Michele Bachmann’s misstatements may be catching up to her
Michele Bachmann was laying out a tough immigration policy recently when she veered off script to make a point that she said underscored the national security implications of a porous border.
“Fifty-nine thousand this year came across the border, as was said in the introduction, from Yemen, from Syria. These are nations that are state sponsors of terror,” the Minnesota congresswoman and Republican presidential candidate said, citing a report she had heard. “They’re coming into our country!”
There were two problems with Bachmann’s passionate assertion. Yemen is not a state sponsor of terrorism, according to the State Department. And the Border Patrol report to which Bachmann referred said that although 59,000 apprehended illegal immigrants came from countries other than Mexico, only 663 had ties to countries with links to terrorism.
Voters here frequently say they are drawn to support Bachmann’s presidential campaign by the litany of statistics and facts that stud her speeches. Yet what she says is often inaccurate, misleading or wildly untrue.
All politicians occasionally shade the facts to their advantage. The danger for Bachmann is that her misstatements are so pronounced and so numerous that they erode her effort to regain footing in the presidential race. (Asked for reaction, a campaign aide provided information unrelated to the statements in question.)
Some of her misstatements have registered as eye-rolling blips, such as when she confused actor John Wayne with serial killer John Wayne Gacy on the day she entered the campaign in June. Others have damaged her candidacy.
She won points in a September debate when she criticized Texas Gov. Rick Perry for supporting a proposed requirement that young girls be vaccinated against a sexually transmitted disease. But then Bachmann told a post-debate television audience that the vaccine had caused mental retardation, a conclusion drawn from a brief meeting with a weeping mother. Bachmann’s hit against Perry was lost in howls of dismay from physicians who said her untrue remarks would stunt vaccinations and endanger children.
On recent campaign swings through Iowa, she continued to trip over matters large and small.
In Sioux Center, Bachmann said high corporate taxes and crushing regulations had made the United States less competitive than other countries, a mantra common among GOP candidates. But then she went further.
“If you want to have a business in China today, if you want to build a building, you just build it, you don’t go through all the permitting process that we do here,” she said.
Businesses have to apply for multiple permits in China. A 2008 World Bank publication found that China was among the most difficult places anywhere to obtain construction permits, ranking 176th of 181. The publication ranked the best and worst places, and the United States fell in neither category.
At a rally in Denison, Bachmann touted her plan to slash federal taxes and implied that taxes are higher now than when she was young.
“How many of you think that the taxes are too high in the United States?

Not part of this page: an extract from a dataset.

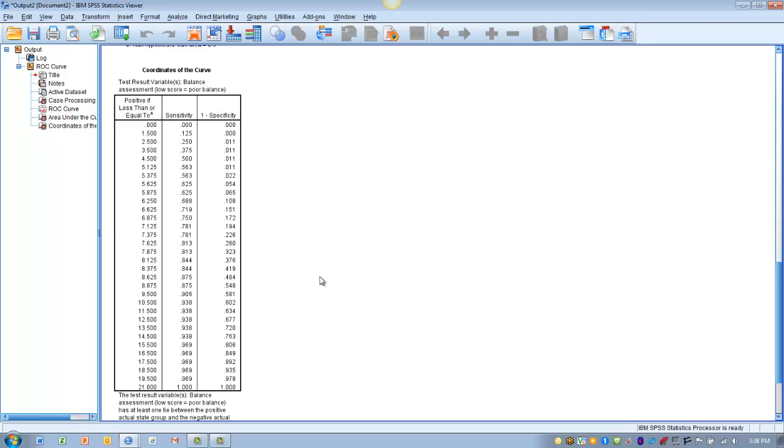Or do we want them to be equally important. And then we use those predeterminations to then choose a cutoff score using the coordinates of our ROC curve.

We got any takers on that?” she said as the crowd roared in approval. “I grew up in this wonderful state and I’ll tell you, the tax rate was completely different years ago from what it is now, wasn’t it? They’re very high.”
In 2011, a married couple filing jointly would have paid 35% of their income in taxes if they made $379,150, the lowest income in the top bracket, according to the nonpartisan Tax Foundation. Fifty years ago, when Bachmann was a child, the same couple would have paid 59% in federal taxes. The lowest federal tax bracket today is half what it was then.
The candidate bases at least some of her assertions on obscure conspiracy theories.
In Estherville, after a supporter asked her position on the 2nd Amendment, Bachmann said she supported Americans’ rights to own guns and that she had a permit to carry a concealed weapon.
But then she added: “I don’t believe in the U.N. taking that right away from us, as well. There are international treaties that want to do that.”
The United Nations is drafting an arms treaty, but it is aimed at stemming illegal international gun sales. While many gun manufacturers are concerned that such a treaty could lead to broader gun registration, only a narrow fringe purports that Americans could see their guns taken away by the U.N., which has no authority over constitutional rights.
Bachmann’s mistakes predate her entry into the presidential race. In November, she told a national television audience that a trip by President Obama to India cost $200 million a day. The report was based on an anonymous quotation in an Indian newspaper.
The White House does not release cost figures for security reasons, but people involved in travel by presidents from both political parties said the number was grossly exaggerated.
An embarrassing correction also marked a recent Bachmann move on Capitol Hill. This month, she introduced a bill requiring any woman considering an abortion to undergo an ultrasound that pinpoints the heartbeat of the fetus.
“A study by Focus on the Family found that when women who were undecided about having an abortion were shown an ultrasound image of the baby, 78% chose life,” Bachmann said.
That prompted a news release from the conservative organization, which said that while it supported the legislation, it had produced no such report.
“We don’t have any ‘studies,’ and we don’t publish any percentages like that,” Kelly Rosati, Focus on the Family’s vice president of community outreach, said in a statement.
A Bachmann aide said the candidate got the statistic from a Des Moines clinic. The aide also cited a report that appeared in the Rocky Mountain News of Denver that cited a Focus on the Family statistician for a similar claim.